Servie par des partis politiques de tout bord, y compris ceux classés « populistes » (dont la seule action porte souvent sur des « faits de société »), l’oligarchie financière européenne et mondiale a instauré en Europe une dictature molle. Elle ne fait pas parader des militaires ou des miliciens, tout simplement parce qu’elle estime qu’elle n’en a pas encore besoin : l’inertie des populations, engluées dans des difficultés de toutes sortes, suffit à préserver « l’ordre financier naturel ». Jusqu’à quand ?

Le Point l’énonce fort bien : « Grèce et Italie : le retour des technocrates qui ont contribué à générer la crise ». En fait, les troisièmes couteaux, Berlusconi et Papandreou, sont remplacés par les seconds couteaux, Mario Monti ou Lucas Papademos, les capi des autres capi clani de la finance mondiale leur laissant la très limitée latitude de moduler l’inessentiel, et de régler comment racketter les pauvres, les pas trop riches et mêmes les riches qui ne sont pas des vassaux.

Les marchés sont censés se réguler. Par eux-mêmes. En fait, les financiers placent leurs pions, formatent les législations, manipulent les opinions, et pillent les nations à leur gré, empilant les profits.
Qui a joué contre la BCE, ce faux-nez qu’elles contrôlent, pour restaurer ou amplifier ses profits : les principales banques et les établissements financiers majeurs européens.

Les « pyromanes des marchés » que dénonce Alain Franco, du Point, ont donc réussi à imposer leurs lieutenants en Grêce et en Italie, et le sénat italien, où dominent les quatrièmes couteaux, dit amen à tout ce qui est imposé.

Mais évidemment, rien n’est fait pour réguler les immenses profits de la bancassurance.

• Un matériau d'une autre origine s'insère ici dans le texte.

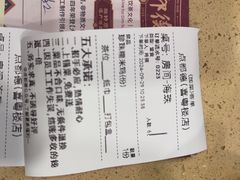 -点都德(喜粤楼店)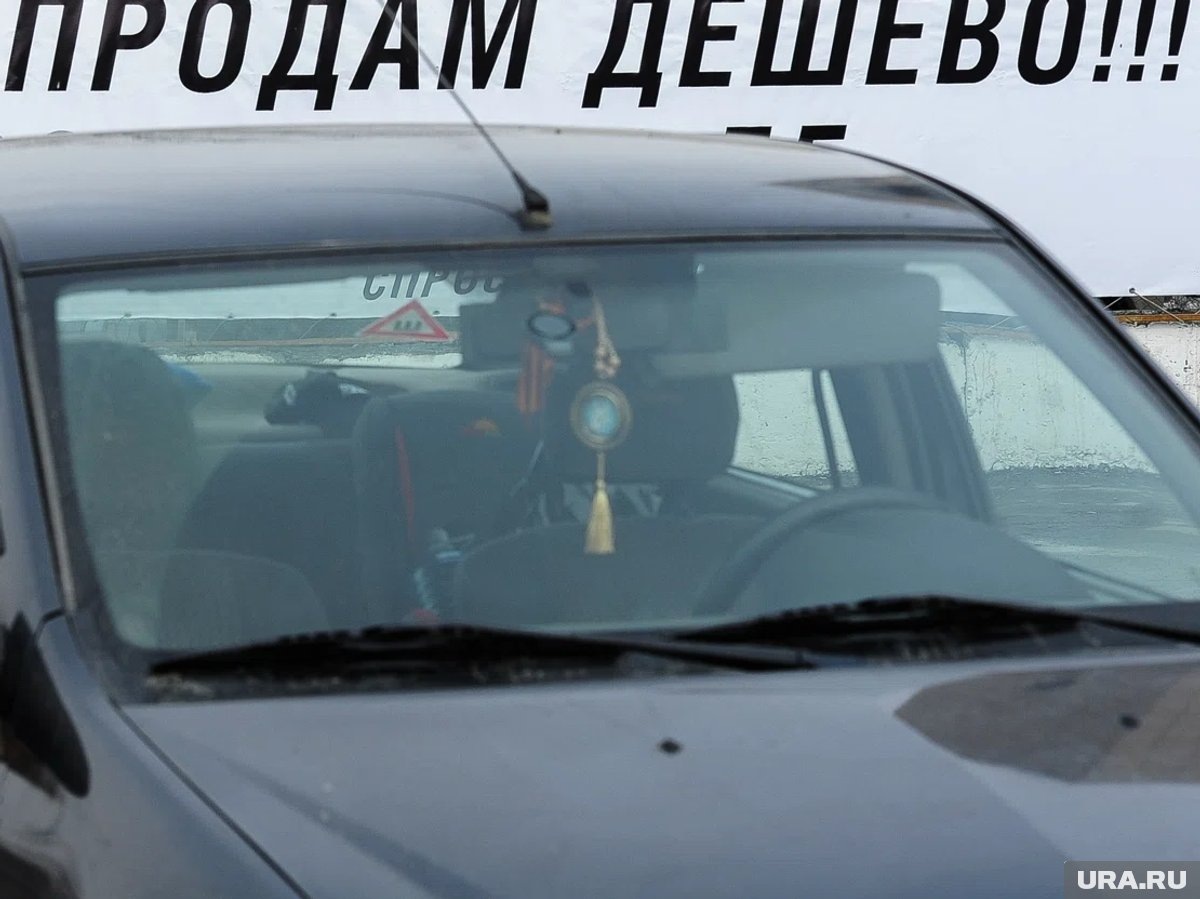     В Югре с торгов можно дешево купить недвижимость или транспорт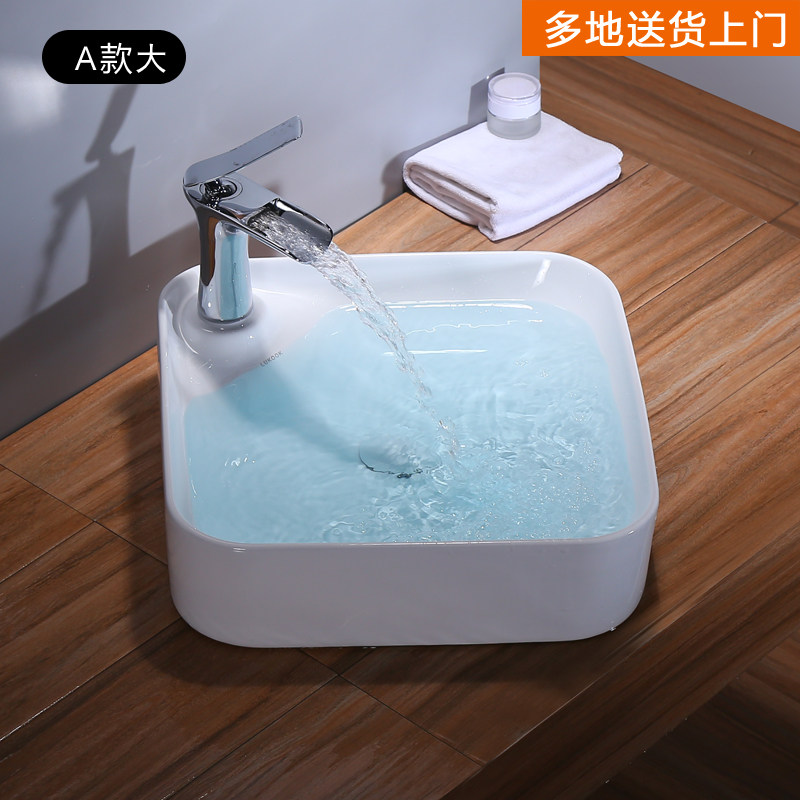 Ultra-thin square ceramic table basin washbasin dressing room basin simple round basin washbasin basin basin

On donne l’illusion que les chefs d’État et leurs entourages (en France, un président et des ministres qui prennent leurs ordres auprès de Michel Pebereau, de BNP Paribas) ont quelque marge de manœuvre alors qu’eux-mêmes ou leurs prédécesseurs se sont par avance liés les mains. Les élus sont chargés de propager la vulgate, comme autant de ministres du culte financier. « C’est la Commission européenne qui a mis en œuvre, à la demande des États membres, la dérégulation des Bourses, » résume Alain Franco.

La dictature molle a consisté à faire voter le traité de Maastricht, puis celui d’Amsterdam, de Nice, le protocole de Lisbonne, mais aussi d’autres « accords » comme celui de Barcelone… Si des nations se rebiffaient, soit les parlements contournaient, soit on finissait de convaincre les peuples d’être « raisonnables » et obtenir qu’un vote annule le précédent, qui faisait « désordre ».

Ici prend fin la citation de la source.